How many inches in 5 ft 10 in?

Five feet ten inches equals (5 × 12) + 10 = 70 inches. That is just above the median US adult male height in the standard mixed feet-and-inches reporting format. US fitness apps, ergonomics tables, and anthropometric data sets use the 70-inch total when calculating against percentile distributions.

How do I convert feet to inches in my head?

Multiply by 12 — that is the only step. Most US adults do this by inspection because the 12-inch foot is a cultural fixture in construction, sports, and personal height reporting. Mixed feet-and-inches input adds the inch part: a 5 ft 10 in height is 5 dozens (60) plus 10 inches, giving 70 total.

How many inches in 16 feet?

Sixteen feet equals 16 × 12 = 192 inches. That is the longest standard US dimensional lumber length and a common US wall framing dimension. A 16-foot wall built with 16-inch-on-centre studs uses 12 intermediate studs plus 2 end studs, with the inch breakdown driving the framing layout drawing.

Are US ruler graduations in inches or feet?
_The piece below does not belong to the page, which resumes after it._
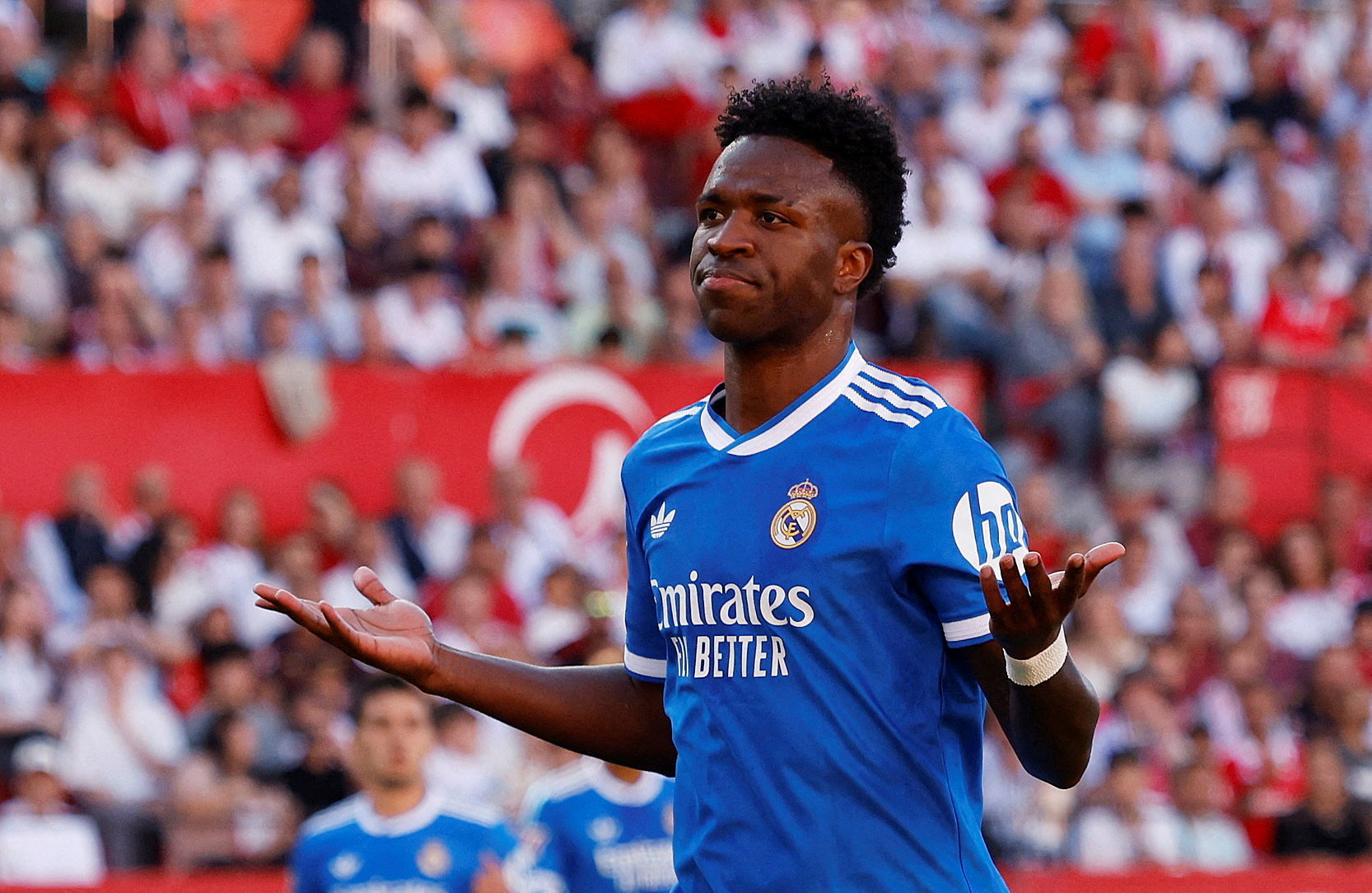 Real Madrid's Vinicius Junior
Standard US rulers are graduated in inches and inch-fractions. Longer tape measures show inch-graduations continuously up to the foot mark and then continue in inches across foot boundaries. A 25-foot tape measure (typical contractor stock) shows 300 inches of continuous graduation, with foot marks every 12 inches as a layout aid for framers.

How precise should feet-to-inches be in framing?

Framing layouts work to the nearest 1/16 inch in inch-precision dimensions, so a 5 ft 10 1/4 in stud height converts to 70.25 inches against the lumber-cut sheet. Trim and finish carpentry work to 1/32 inch, while structural framing accepts 1/16 inch tolerance. Anything coarser than 1/8 inch is rough framing only.